Chissà quante volte Ayo Dosunmu avrà sognato, negli anni della sua adolescenza, di uscire tra gli applausi dello United Center, la “Mecca cestistica” per tutti i ragazzi di Chicago come lui.
È quello che è successo lo scorso 11 gennaio, quando l’ex stella dei licei ragazzo della “Città del Vento” è stata salutata per il contributo decisivo nella vittoria su Detroit. Una sfida sempre di un certo fascino, quella tra Bulls e Pistons, sebbene quest’anno il divario sia abissale.
La partita, per Dosunmu, significava soprattutto il confronto con Cade Cunningham, la prima scelta assoluta dell’ultimo Draft. Per una volta, il migliore è stato l’outsider, quel Dosunmu scelto al secondo giro. Oltre a segnare 10 punti, Ayo ha guidato la difesa dei Bulls, limitando Cunningham a un misero 3/11 dal campo e 6 palle perse.


Nell’ultimo mese, complici gli infortuni a Zach LaVine, Alex Caruso e Lonzo Ball, ha guadagnato sempre più spazio, ripagando la fiducia di coach Donovan con ottime prestazioni. I 21 punti (assieme a 10 assist) contro i Celtics, i 18 punti riservati a Wizards e Cavs, i 14 segnati contro Atlanta, i 15 segnati a Memphis, il career high di 24 punti stabilito contro OKC sono solo alcune delle imprese del giovane Ayo, che a gennaio viaggia a oltre 10 punti e 3 assist di media, con un eloquente 53% dal campo e un ancor più sbalorditivo 46% da tre punti.
Statistiche interessanti, ma che diventano sbalorditive quando fa parte dello “starting five”: 12 punti, 5 rimbalzi e 6 assist, con 60% dal campo e 46% da tre.
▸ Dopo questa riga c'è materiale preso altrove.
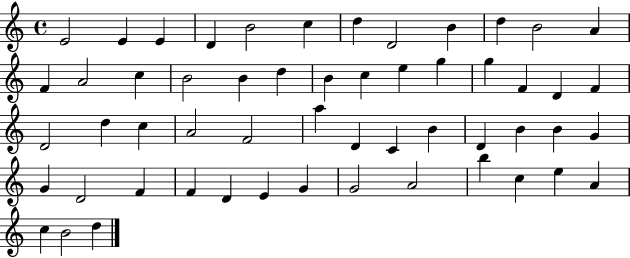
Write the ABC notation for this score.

Davvero stupefacente, anche per chi lo ha seguito lungo la sua carriera a Illinois, dove si era messo in luce come uno degli esterni più versatili ed efficaci del panorama collegiale.
Ancora una volta, una perla scovata al secondo giro del Draft, sempre più croce e delizia per scout e general manager, così focalizzati dal ricercare giovani dall’elevato potenziale (o “ceiling”, se vogliamo usare un termine molto in voga) dal sottovalutare i profili più esperti e compiuti.
Nel record dei Bulls c’è anche un pizzico di Dosunmu, fino a qualche anno fa uno dei tanti tifosi che adesso lo acclamano.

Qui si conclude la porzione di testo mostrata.